Eurfa will now allow you to get in-context citations for its words from the Kynulliad3 corpus. I’ve limited it to 5 at the minute, but I also want to look at doing random lookups to produce a different 5 each time.

I’m hoping to add some other corpora to Eurfa in the same way over the coming months.

I also took the opportunity of changing the AJAX search-boxes to HTML ones, because the AJAX ones had the annoying “feature” of not doing the search if you pressed Return – instead, they just cleared the searchbox.

# Autoglossing Gàidhlig

August 28th, 2013 by donnek

Over the last month I’ve been wondering about how easy it would be to port the Autoglosser to some completely new language material. This would give me the opportunity to look at things like importing normal text instead of CHAT files, dealing with multiwords (collocations where the meaning of the whole is different from the combined meaning of the parts), better handling of capitalised items, etc. Eventually I decided to take the plunge with Gàidhlig (Scottish Gaelic), which I learnt 30 years ago in Sabhal Mòr Ostaig when it was still a collection of farm buildings ….

Surprisingly, once I had assembled a dictionary, the actual port took only a couple of days, and gives pretty good results, as you can see from the output at the website. There’s obviously a lot to be done yet – in particular, developing a stemmer to simplify the dictionary. Talking of which, I also put together a little TeX script which typesets the dictionary in the form I’ve always wanted: all words listed in alphabetical order, but with the lemma specified where they are derived forms, and also each derived word listed as part of the generating word/lemma’s own entry. Still needs a bit of work (it should be in two columns, for instance), but it shows that the dictionary layout is robust enough to give quite sophisticated output.

This port opens the way for more work on streamlining text consumption by the Autoglosser – at present, punctuation is not handled as well as I’d like. The multiword work is also a first step in allowing the handling of languages with disjunctive writing systems (eg Sotho).

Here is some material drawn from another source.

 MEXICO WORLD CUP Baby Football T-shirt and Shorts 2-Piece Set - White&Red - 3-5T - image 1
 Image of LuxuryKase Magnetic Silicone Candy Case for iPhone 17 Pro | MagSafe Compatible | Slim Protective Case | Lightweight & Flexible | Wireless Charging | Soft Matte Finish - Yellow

# Language of first delivery

July 4th, 2013 by donnek

I’ve added some data to Kynulliad3 (it’s not in the current download, but it will be in the next one) so that the “language of first delivery” can be calculated. In the Assembly, Members can speak in either language, which is placed on the left-hand side of the Record. The translation, into English or Welsh as appropriate, then goes on the right-hand side of the Record. If we separate out those sentences which were first delivered in one language from those which have been translated from the other language, we get the following word totals:
Welsh: 879,964  /  8,865,452 (9.9%)
English: 7,916,148  /  8,775,382 (90.2%)

So about 10% of the word total in the Third Assembly used Welsh as the language of first delivery. This is a bit lower than the proportion of Welsh-speakers in Wales (19% according to the 2011 Census), but I don’t know how it relates to the proportion of Welsh-speakers in the Third Assembly (or at least the proportion who felt confident enough to use Welsh in this setting). It’s a pretty sizeable percentage, though.

July 3rd, 2013 by donnek

I’ve just released Kynulliad3 – a corpus of aligned Welsh and English sentences, drawn from the Record of Proceedings of the Third Assembly (2007-2011) of the National Assembly for Wales. It contains over 350,000 sentences and almost 9m words in each language, and is a sort of sequel to Jones and Eisele‘s earlier PNAW corpus.

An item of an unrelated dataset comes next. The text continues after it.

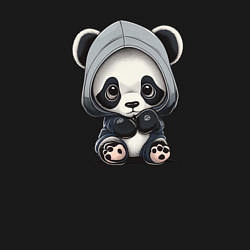 Свитшот хлопковый мужской Грустная панда, цвет: черный — фото 2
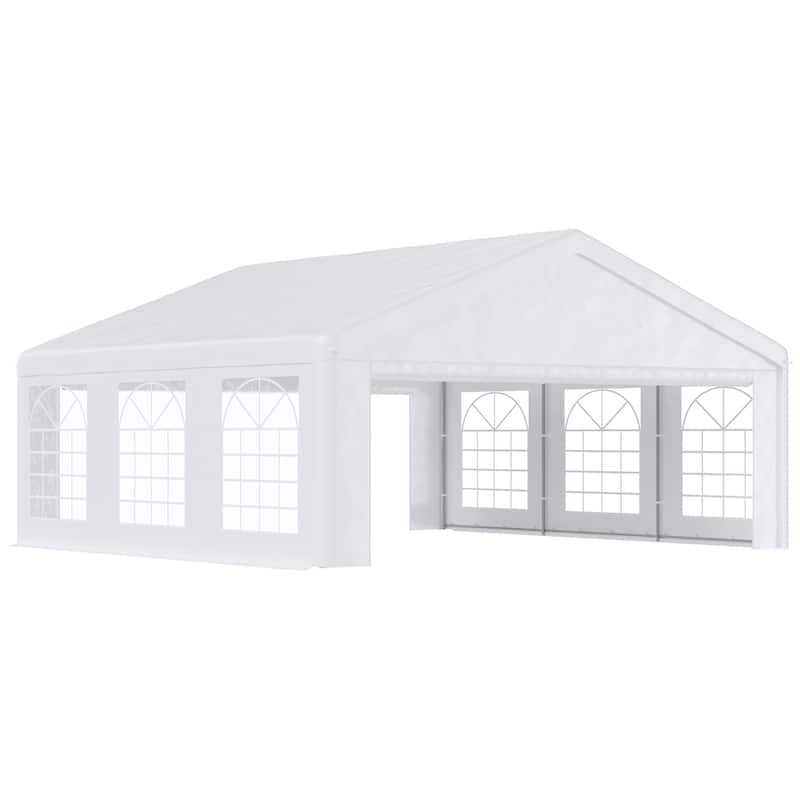 Outsunny 20' x 20' Heavy Duty Wedding Tent & Carport, Portable Garage with Removable Sidewalls, Large Outdoor Canopy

Hopefully it will mean that all the great work done by the Assembly’s translators can be re-used for language processing research. And it also has practical benefits for language checking – if, for instance, you are translating “of almost” and wonder whether bron (almost) should have the usual soft-mutation after o (of), all you need to do is put “of almost” in the search box, and you have your answer!

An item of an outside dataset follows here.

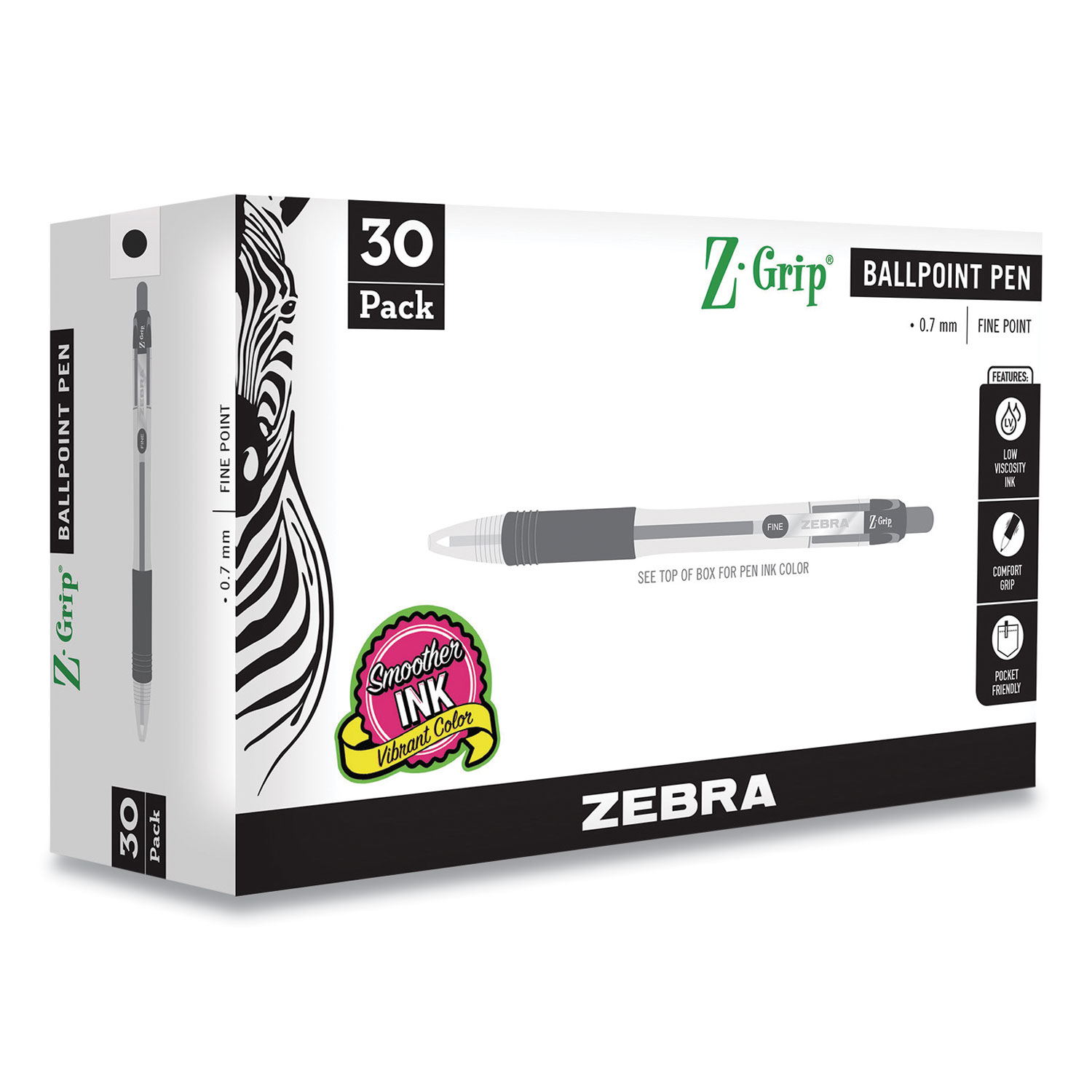 Zebra® Z-Grip Retractable Ballpoint Pen, Medium 0.7 mm, Black Ink, Black Tinted Barrel, 30/Pack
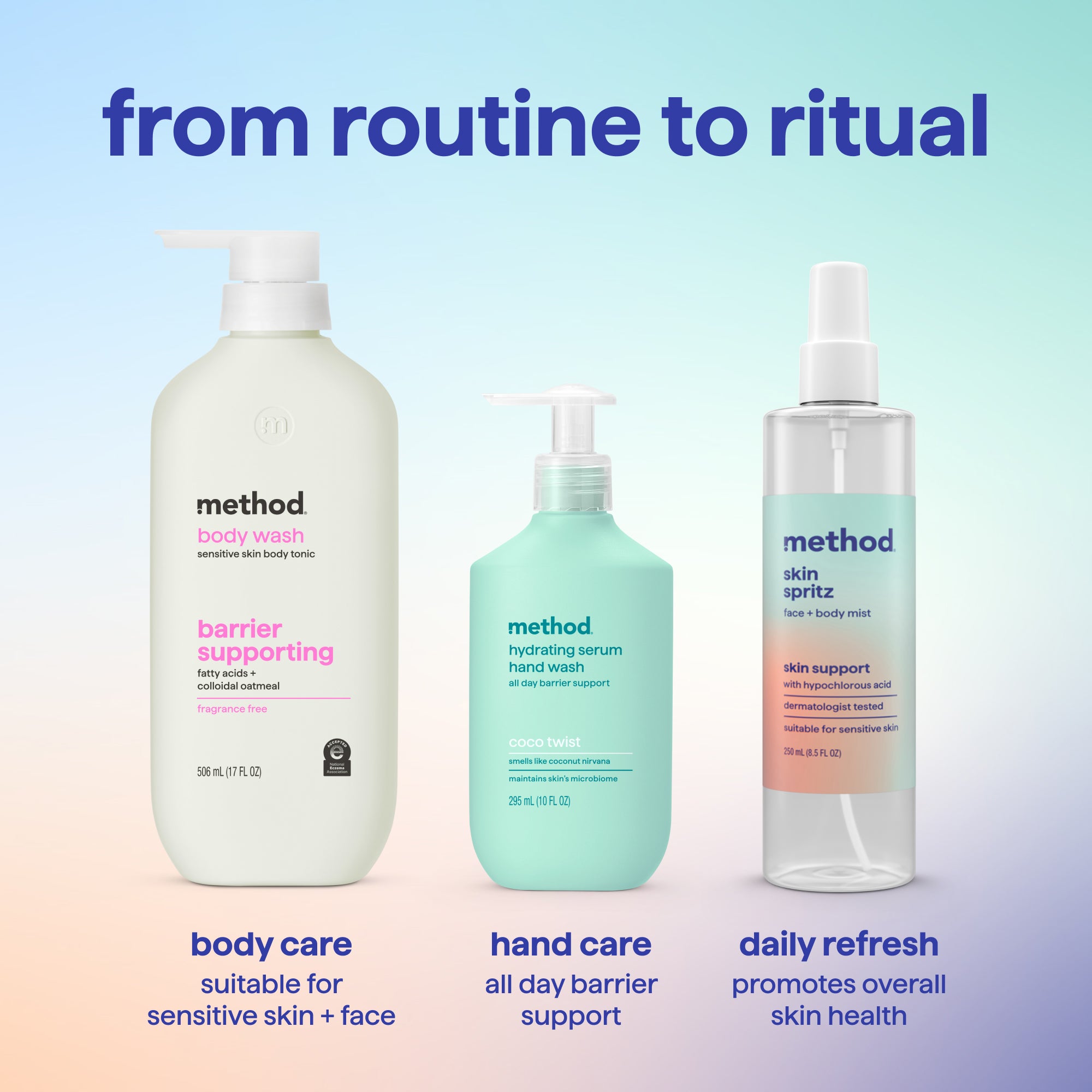 skin spritz face + body mist – method products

# Language detection for Welsh

June 6th, 2013 by donnek

For the last week or so I’ve been putting together a corpus of aligned Welsh and English sentences from the Records of Proceedings of the Third Welsh Assembly (2007-2011). This is intended as one of the citation sources for Eurfa, and will complement Jones and Eisele’s earlier PNAW corpus – Dafydd Jones & Andreas Eisele (2006): “Phrase-based statistical machine translation between English and Welsh.” LREC-2006: Fifth International Conference on Language Resources and Evaluation: 5th SALTMIL Workshop on Minority Languages: “Strategies for developing machine translation for minority languages”, Genoa, Italy.

There are 256 documents with blocks of text in both languages, giving a total of around 129,000 aligned items. After cleaning, these yield about 94,000 useable pairs, which then need to be split to give sentences. They also need to be rearranged in a consistent direction: the Records put the first language of the pair as whatever language was actually used by the speaker, with the translation in the other language following. So a language detection routine is required.

Alberto Manuel Brandão Simões has written Lingua::Identify, a very nice Perl module that handles 33 languages. It turns out that Welsh had been deactivated because of a lack of “clean” Welsh text to prime the analyser. Once I sent him some text that was Welsh-only, Alberto produced (in what must be a record-breaking 20 minutes!) a new version of Lingua::Identify (0.54) that identifies Welsh and English with high precision.

I plugged it into a PostgreSQL function, kindly offered by Filip Rembiałkowski:

create or replace function langof( text ) returns varchar(2)
immutable returns null on null input
language plperlu as $perlcode$
use Lingua::Identify qw(langof);
return langof( shift );
$perlcode$;

Running

select langof('my string in an unknown language');

will then give an identifier for the language of the string.

When I ran this against the first item in the 94,000 pairs, there was a misidentification of the language in only 26 cases (0.03%) – 10 of these should have been English and 16 Welsh. So far I haven’t come across any instances where an English item was identified as Welsh, or vice versa. Lingua::Identify is an amazing tool for saving a LOT of work – hats off to Alberto!

It turns out that Welsh was the original language used in around 12% of the blocks (about 12,000 out of the 94,000 blocks). It should be possible later to get the number of words in each language over all the Third Assembly’s debates.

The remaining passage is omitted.